After a year of stellar growth in 2014, the UAE’s banking sector will have to brace up for a tougher 2015.
According to Standard & Poor’s Ratings Services, banks in the country will be faced with a triple whammy of slowing credit and deposit growth, as well as deterioration in asset quality, which in turn will negatively impact earnings that are expected to go down to single digits this year.
The fall in oil prices, coupled with the volatility on the emirates’ equity markets and a correction in the residential real estate market after two years of sharp price appreciation, are all expected to weigh on the banking sector’s performance this year.
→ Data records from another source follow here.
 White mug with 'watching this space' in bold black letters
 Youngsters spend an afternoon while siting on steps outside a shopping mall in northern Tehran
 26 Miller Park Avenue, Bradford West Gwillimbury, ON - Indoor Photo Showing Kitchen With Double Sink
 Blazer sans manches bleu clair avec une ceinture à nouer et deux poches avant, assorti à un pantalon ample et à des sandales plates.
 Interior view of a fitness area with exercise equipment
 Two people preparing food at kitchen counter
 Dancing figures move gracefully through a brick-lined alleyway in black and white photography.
2015 will be “visibly” different from last year and in many ways marks a “reversal in the trend that saw UAE banks make a continued recovery after the crisis of 2009” said Timucin Engin, Primary Credit Analyst at S&P Dubai, at a media roundtable.
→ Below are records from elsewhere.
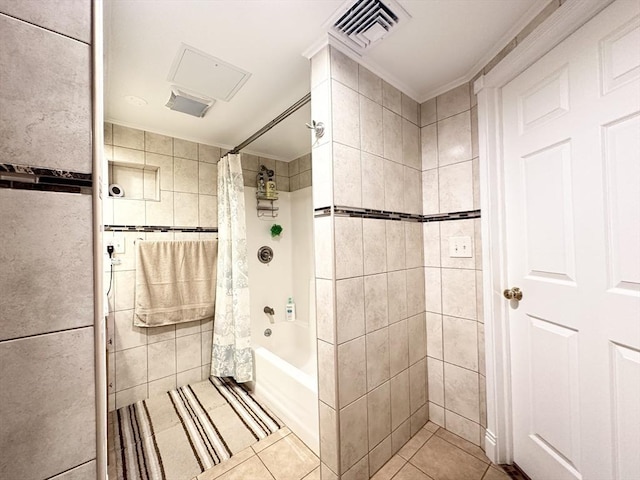 bathroom with shower / tub combo, tile patterned floors, tile walls, and ornamental molding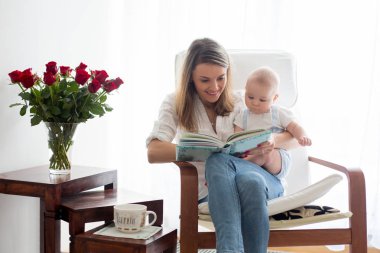 Anne, ona kitap okumak onun bebek çocuk sallanan sandalyede ile oynarken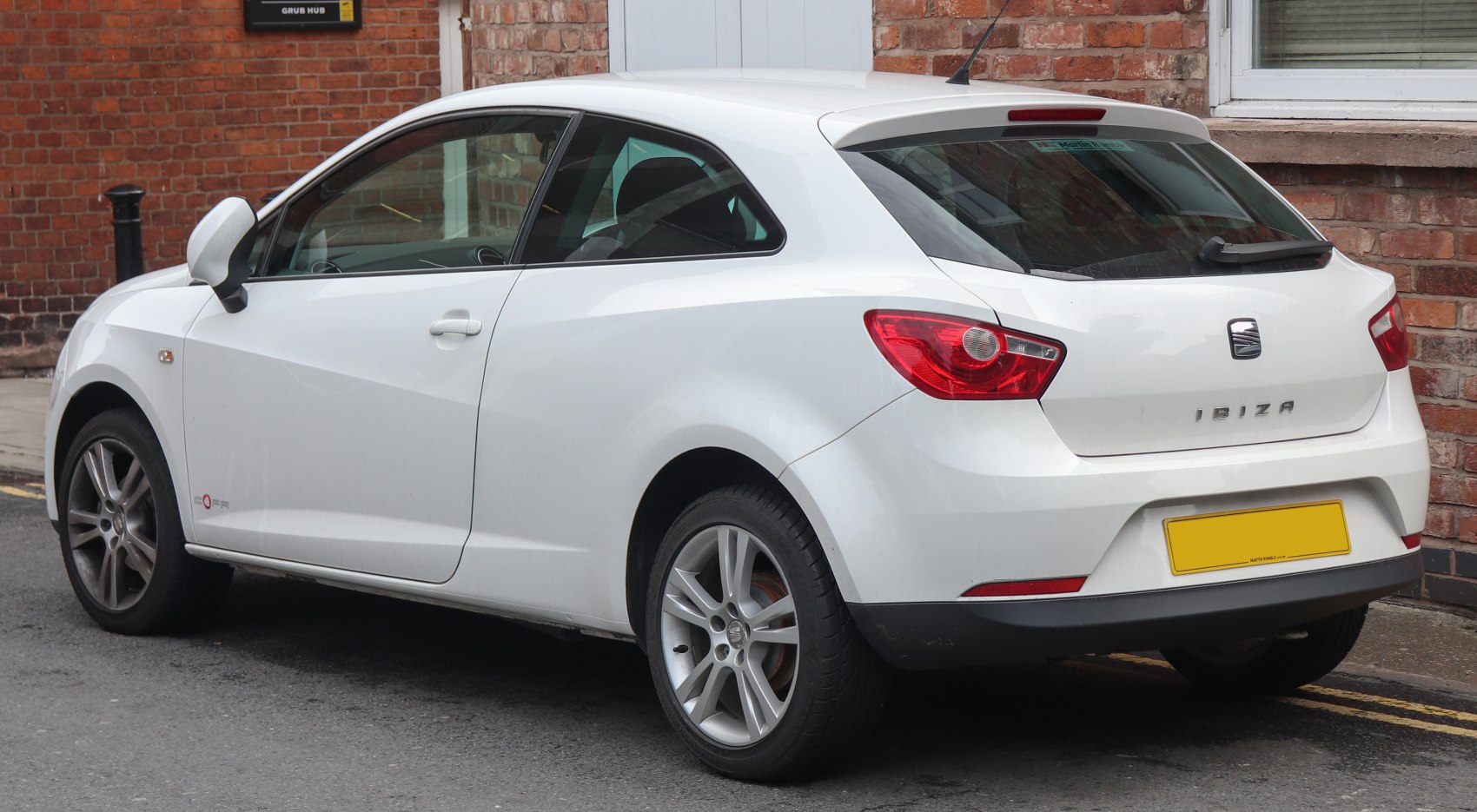 Sporty two-door hatchback rear and side view with distinctive rear lights.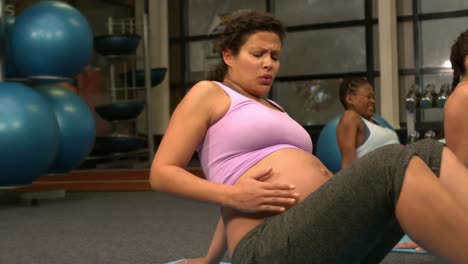 pregnant women exercising at the gym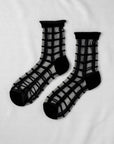 The Unified Sheer French Window socks feature a bold grid pattern with solid black cuffs, heels, and toes, displayed flat on a white background.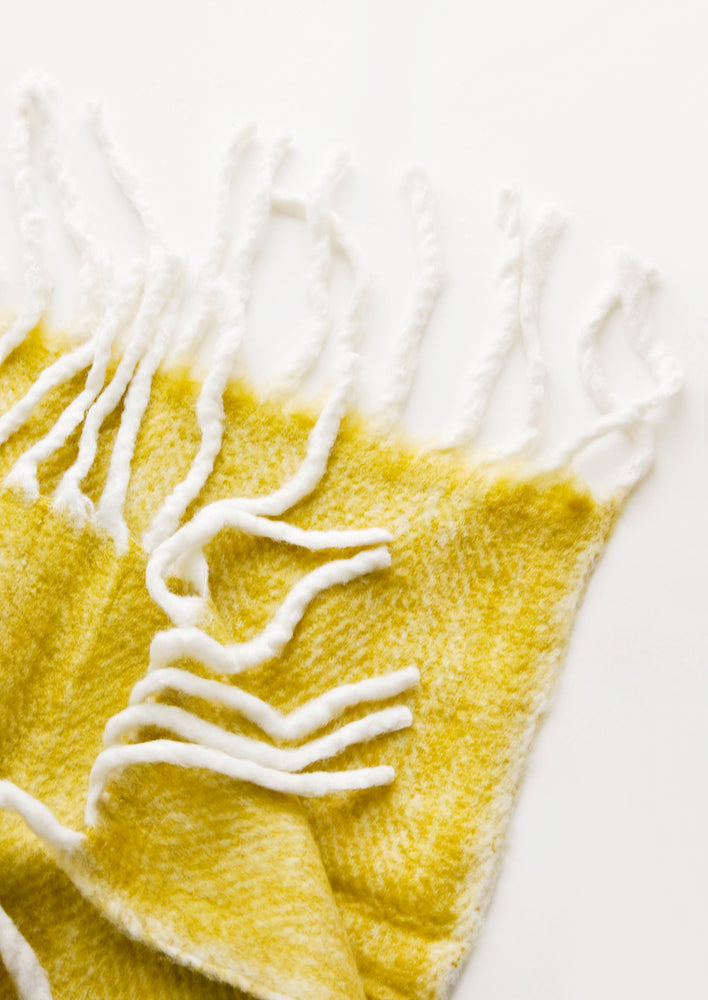 Plush and wooly yellow throw blanket with exaggerated fringe trim in ivory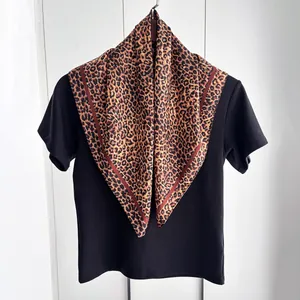 Dettaglio di un foulard in seta con stampa leopardata classica ed eleganti bordi rosso scuro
For 2015, the ratings agency expects credit growth to halve to roughly seven to eight percent, when compared with an estimate of 15 percent for full-year 2014 for the rated banks. Deposit growth will also be “noticeably weaker” both in 2015 and 2016 due to a drop in government and public sector deposits.
“The relative weight of these deposits in total resident deposits for rated UAE banks has averaged 28 to 29 percent,” S&P estimates.
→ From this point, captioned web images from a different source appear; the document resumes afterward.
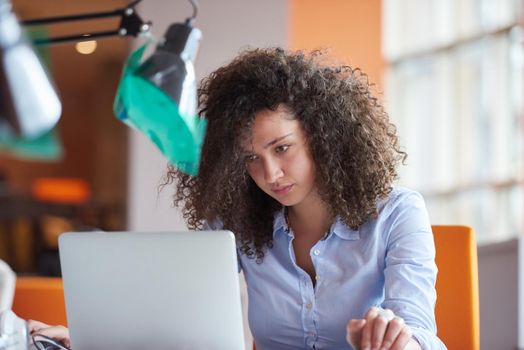 happy young  business woman with curly hairstyle in the modern office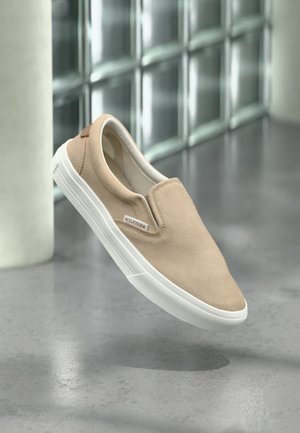 Beiger Slip-On-Sneaker mit weißer Sohle und Hilfiger-Logo, schwebt über einem grauen Boden vor einer Wand aus Glasbausteinen.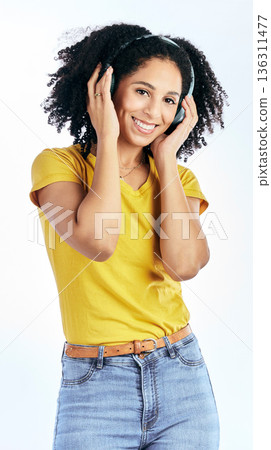 Portrait, music and happy woman with headphones in studio for streaming, subscription or service on white background. Smile, face and lady listen to radio, podcast or online audio earphones playlist Portrait, music and happy woman with headphones in studio for streaming, subscription or service on white background. Smile, face and lady listen to radio, podcast or online audio earphones playlist 136311477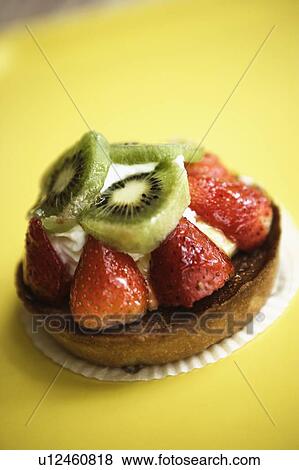 Stock Photo - Close-up of a strawberry tart on a serving tray. Fotosearch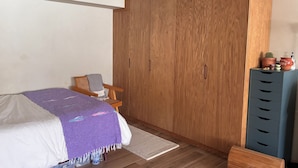A bedroom with a bed, wooden wardrobe, and a small desk with drawers. - World Cup stay - Central location next to Condesa, Escandon neighborhoods. (Ciudad de México)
Despite the gloomy outlook, S&P says that UAE banks are well positioned to face a tougher year, and the downside risks to ratings are limited because the banks have “substantially improved their funding, asset quality and capitalization over the past few years.”
“Much stronger deposit growth than credit growth has markedly improved the funding profiles of UAE banks from 2009 to date. Indeed, the UAE banking system swung from having total net external liabilities of approximately $21.5 billion at end-2008, to a $9.3bn net asset position on September 30, 2014. We believe that with this solid cushion, banks will be able to manage the tougher times ahead in 2015 and 2016,” the report says.
A potential price correction on the UAE’s real estate markets will also have much less of an effect on banks than it did in 2009, believes S&P. Unlike the last crisis, price declines are unlikely to be as big and key developers now operate with much stronger balance sheets and lesser leverage relative to their financial position in 2009.
“However, we could see some credit losses from smaller developers and companies in other sectors that have invested in real estate as a sideline,” the report adds.
Abu Dhabi banks are likely to perform marginally better than Dubai-based banks this year, however, there will be broad homogeneity in the overall performance, as unlike in 2009, there isn’t a great differential in the quality of real estate loans or exposure to GREs (government related entities).
A slowdown in credit off-take will also prompt banks in the UAE to focus more on generating higher fee income as well as on off-balance-sheet activities like trade finance etc, S&P believes.